- Recorded data:
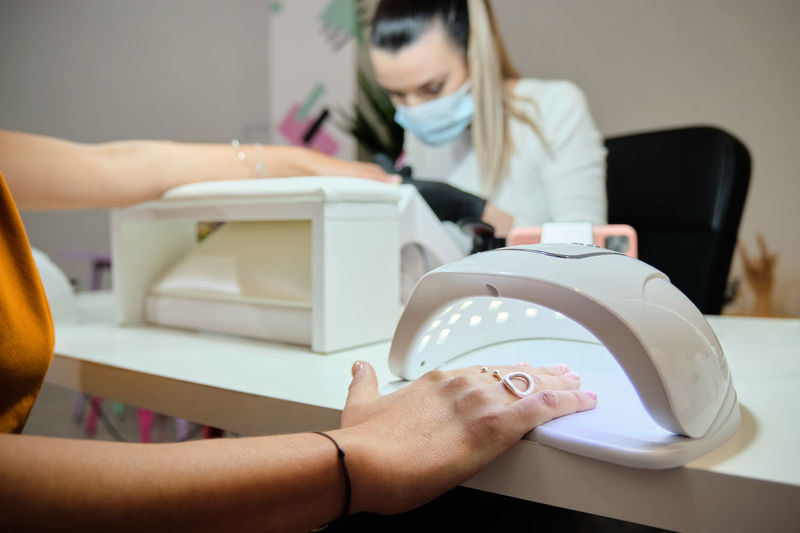 Crop anonymous female customer putting hand on uv lamp for drying nails while getting professional manicure in modern salon
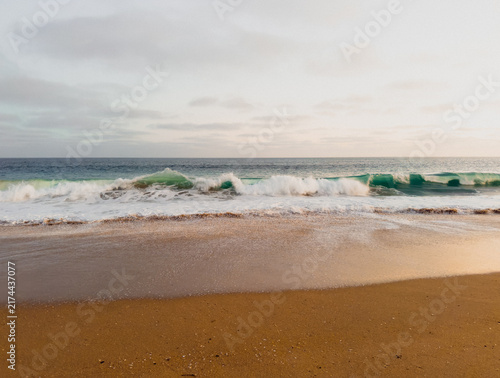 Serene ocean beach with waves breaking near shore with grey sky above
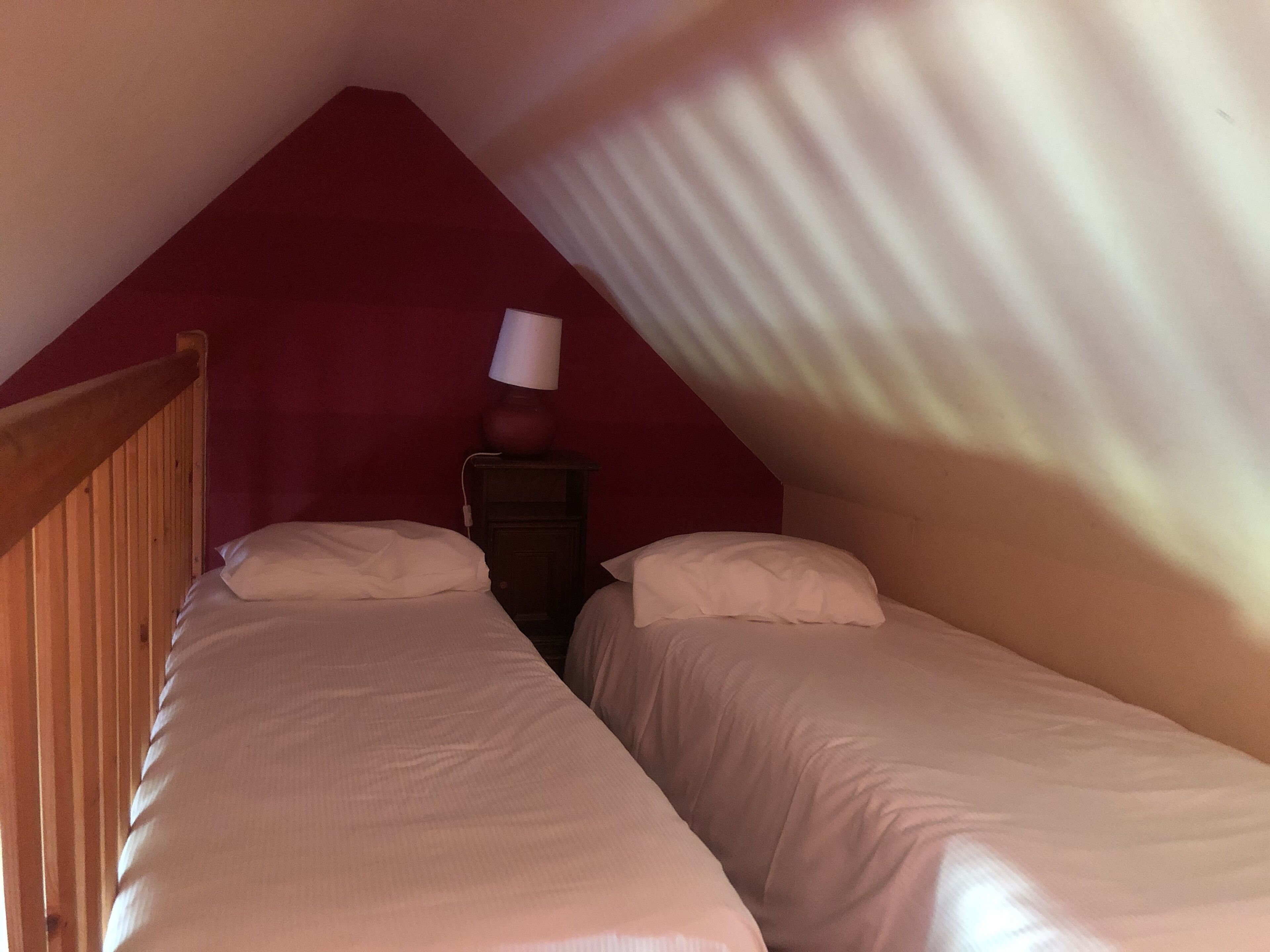 Une petite pièce peu éclairée, avec deux lits simples, une tête de lit en bois, une table de chevet avec une lampe et un plafond en pente.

- Task to complete:
Starting at the line with "Serene ocean beach", output each line through the final one of the listing above, and nothing else. Pictures are to be left out.

- Reply to the task:
 Serene ocean beach with waves breaking near shore with grey sky above
 Une petite pièce peu éclairée, avec deux lits simples, une tête de lit en bois, une table de chevet avec une lampe et un plafond en pente.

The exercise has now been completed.